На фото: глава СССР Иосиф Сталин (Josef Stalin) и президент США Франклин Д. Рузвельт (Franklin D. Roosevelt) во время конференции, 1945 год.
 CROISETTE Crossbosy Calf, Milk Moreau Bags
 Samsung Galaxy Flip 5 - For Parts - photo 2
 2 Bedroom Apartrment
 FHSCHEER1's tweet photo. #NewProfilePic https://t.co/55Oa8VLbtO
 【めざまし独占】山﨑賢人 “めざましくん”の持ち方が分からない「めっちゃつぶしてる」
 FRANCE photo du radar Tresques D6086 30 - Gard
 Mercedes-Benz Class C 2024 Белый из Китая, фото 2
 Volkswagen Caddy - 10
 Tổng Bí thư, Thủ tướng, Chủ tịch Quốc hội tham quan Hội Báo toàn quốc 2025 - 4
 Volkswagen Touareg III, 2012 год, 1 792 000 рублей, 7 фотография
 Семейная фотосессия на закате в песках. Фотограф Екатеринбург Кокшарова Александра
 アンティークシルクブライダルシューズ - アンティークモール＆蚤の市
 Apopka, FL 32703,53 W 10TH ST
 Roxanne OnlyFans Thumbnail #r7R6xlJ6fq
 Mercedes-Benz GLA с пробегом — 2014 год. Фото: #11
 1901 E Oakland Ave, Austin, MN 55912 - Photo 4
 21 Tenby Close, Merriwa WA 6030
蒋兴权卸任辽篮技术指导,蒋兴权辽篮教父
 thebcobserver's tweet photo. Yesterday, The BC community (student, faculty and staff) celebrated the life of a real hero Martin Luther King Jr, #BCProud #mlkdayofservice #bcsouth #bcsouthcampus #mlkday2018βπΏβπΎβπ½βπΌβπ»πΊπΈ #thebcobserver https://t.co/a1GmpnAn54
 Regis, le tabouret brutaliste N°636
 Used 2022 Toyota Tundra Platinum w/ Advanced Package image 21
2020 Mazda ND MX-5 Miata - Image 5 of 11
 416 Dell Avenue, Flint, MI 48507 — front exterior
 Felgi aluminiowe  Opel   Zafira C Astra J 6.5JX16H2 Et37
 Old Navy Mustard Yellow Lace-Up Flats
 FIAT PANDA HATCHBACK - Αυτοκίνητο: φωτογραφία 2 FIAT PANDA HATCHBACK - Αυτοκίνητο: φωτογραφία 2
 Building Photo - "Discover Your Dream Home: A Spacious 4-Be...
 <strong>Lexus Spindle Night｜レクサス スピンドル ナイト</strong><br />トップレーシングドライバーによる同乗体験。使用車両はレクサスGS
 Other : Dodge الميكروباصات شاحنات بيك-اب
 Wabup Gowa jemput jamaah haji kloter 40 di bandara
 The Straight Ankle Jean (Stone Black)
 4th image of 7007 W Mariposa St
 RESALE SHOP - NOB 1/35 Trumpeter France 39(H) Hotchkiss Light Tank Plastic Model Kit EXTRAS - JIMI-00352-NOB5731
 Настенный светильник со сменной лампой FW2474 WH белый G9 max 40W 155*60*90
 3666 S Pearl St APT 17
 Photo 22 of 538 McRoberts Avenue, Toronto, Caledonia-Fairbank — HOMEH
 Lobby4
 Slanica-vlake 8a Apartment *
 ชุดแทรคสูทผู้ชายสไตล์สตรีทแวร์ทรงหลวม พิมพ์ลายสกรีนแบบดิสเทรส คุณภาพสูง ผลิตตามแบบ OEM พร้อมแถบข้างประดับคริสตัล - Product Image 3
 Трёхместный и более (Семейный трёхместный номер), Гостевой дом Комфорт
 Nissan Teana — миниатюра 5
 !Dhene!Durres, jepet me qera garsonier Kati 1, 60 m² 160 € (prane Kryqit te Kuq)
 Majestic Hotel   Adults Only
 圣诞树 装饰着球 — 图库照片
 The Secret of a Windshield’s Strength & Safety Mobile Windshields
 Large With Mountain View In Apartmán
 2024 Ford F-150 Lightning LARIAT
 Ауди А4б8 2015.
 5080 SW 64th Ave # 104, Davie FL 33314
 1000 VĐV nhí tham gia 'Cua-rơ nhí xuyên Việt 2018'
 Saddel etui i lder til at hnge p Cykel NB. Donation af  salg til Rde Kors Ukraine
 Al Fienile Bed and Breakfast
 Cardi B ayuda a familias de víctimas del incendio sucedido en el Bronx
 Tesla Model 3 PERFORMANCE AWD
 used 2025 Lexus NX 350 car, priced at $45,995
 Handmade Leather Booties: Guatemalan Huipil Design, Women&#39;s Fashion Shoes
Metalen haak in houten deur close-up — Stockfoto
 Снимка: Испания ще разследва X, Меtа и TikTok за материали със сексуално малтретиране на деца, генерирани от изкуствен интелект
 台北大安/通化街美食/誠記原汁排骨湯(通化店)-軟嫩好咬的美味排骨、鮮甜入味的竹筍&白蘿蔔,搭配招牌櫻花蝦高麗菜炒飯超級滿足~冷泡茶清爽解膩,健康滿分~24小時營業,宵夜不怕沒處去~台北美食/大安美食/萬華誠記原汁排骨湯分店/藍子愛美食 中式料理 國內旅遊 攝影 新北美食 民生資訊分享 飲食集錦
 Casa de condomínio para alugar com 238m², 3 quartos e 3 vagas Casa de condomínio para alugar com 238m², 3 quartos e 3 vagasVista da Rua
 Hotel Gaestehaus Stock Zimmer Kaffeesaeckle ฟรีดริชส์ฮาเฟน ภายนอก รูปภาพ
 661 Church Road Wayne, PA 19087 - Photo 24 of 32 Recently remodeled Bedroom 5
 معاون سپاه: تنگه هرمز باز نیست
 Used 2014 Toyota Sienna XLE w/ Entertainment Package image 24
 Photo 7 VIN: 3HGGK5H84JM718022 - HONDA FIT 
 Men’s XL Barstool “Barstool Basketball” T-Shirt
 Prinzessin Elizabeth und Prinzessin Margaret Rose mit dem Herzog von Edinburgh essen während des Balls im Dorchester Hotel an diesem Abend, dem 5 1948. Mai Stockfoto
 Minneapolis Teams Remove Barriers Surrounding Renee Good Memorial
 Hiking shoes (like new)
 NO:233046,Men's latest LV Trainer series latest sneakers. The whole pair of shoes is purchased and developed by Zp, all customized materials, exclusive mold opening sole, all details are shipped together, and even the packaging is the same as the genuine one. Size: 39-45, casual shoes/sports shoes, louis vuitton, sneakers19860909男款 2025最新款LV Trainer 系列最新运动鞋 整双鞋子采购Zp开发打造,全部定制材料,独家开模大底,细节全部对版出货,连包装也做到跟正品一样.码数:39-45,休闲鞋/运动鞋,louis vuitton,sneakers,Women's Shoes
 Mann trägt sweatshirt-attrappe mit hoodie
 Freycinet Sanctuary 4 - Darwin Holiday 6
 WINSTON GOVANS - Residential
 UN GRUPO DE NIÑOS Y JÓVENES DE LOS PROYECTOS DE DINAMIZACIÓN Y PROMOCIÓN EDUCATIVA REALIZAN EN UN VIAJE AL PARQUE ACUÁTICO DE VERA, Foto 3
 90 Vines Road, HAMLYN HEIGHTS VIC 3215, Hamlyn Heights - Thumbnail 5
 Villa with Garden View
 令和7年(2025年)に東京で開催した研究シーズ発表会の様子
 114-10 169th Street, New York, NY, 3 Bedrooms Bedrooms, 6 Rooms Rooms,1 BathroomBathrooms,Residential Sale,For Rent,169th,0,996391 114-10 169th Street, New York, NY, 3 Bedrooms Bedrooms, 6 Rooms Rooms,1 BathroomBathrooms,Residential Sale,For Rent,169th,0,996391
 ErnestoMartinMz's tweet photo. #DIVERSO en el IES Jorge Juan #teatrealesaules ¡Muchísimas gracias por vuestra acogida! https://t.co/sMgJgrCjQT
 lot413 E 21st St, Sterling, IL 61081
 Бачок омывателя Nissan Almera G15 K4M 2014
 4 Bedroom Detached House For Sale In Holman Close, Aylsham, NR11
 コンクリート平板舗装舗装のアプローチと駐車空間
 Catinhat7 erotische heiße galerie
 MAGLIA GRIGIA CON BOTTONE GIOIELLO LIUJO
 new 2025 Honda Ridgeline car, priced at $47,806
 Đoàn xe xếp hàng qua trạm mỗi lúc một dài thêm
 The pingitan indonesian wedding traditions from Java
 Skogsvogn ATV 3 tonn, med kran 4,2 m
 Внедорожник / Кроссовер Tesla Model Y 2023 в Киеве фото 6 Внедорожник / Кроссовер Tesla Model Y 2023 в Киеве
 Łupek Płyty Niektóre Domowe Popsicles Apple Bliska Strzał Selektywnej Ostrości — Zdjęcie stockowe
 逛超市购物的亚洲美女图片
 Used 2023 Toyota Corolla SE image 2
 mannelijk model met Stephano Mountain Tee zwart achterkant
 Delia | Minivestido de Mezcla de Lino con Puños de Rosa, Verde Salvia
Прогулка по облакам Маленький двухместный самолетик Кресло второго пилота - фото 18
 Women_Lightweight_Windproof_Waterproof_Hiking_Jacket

================

ASSIGNED TASK
Within the data above, the lines from the one with "Product Image 3" to the one with "Ауди А4б8 2015." must be repeated exactly; no other line belongs in the answer.

RESPONSE TO THE EXERCISE
 ชุดแทรคสูทผู้ชายสไตล์สตรีทแวร์ทรงหลวม พิมพ์ลายสกรีนแบบดิสเทรส คุณภาพสูง ผลิตตามแบบ OEM พร้อมแถบข้างประดับคริสตัล - Product Image 3
 Трёхместный и более (Семейный трёхместный номер), Гостевой дом Комфорт
 Nissan Teana — миниатюра 5
 !Dhene!Durres, jepet me qera garsonier Kati 1, 60 m² 160 € (prane Kryqit te Kuq)
 Majestic Hotel   Adults Only
 圣诞树 装饰着球 — 图库照片
 The Secret of a Windshield’s Strength & Safety Mobile Windshields
 Large With Mountain View In Apartmán
 2024 Ford F-150 Lightning LARIAT
 Ауди А4б8 2015.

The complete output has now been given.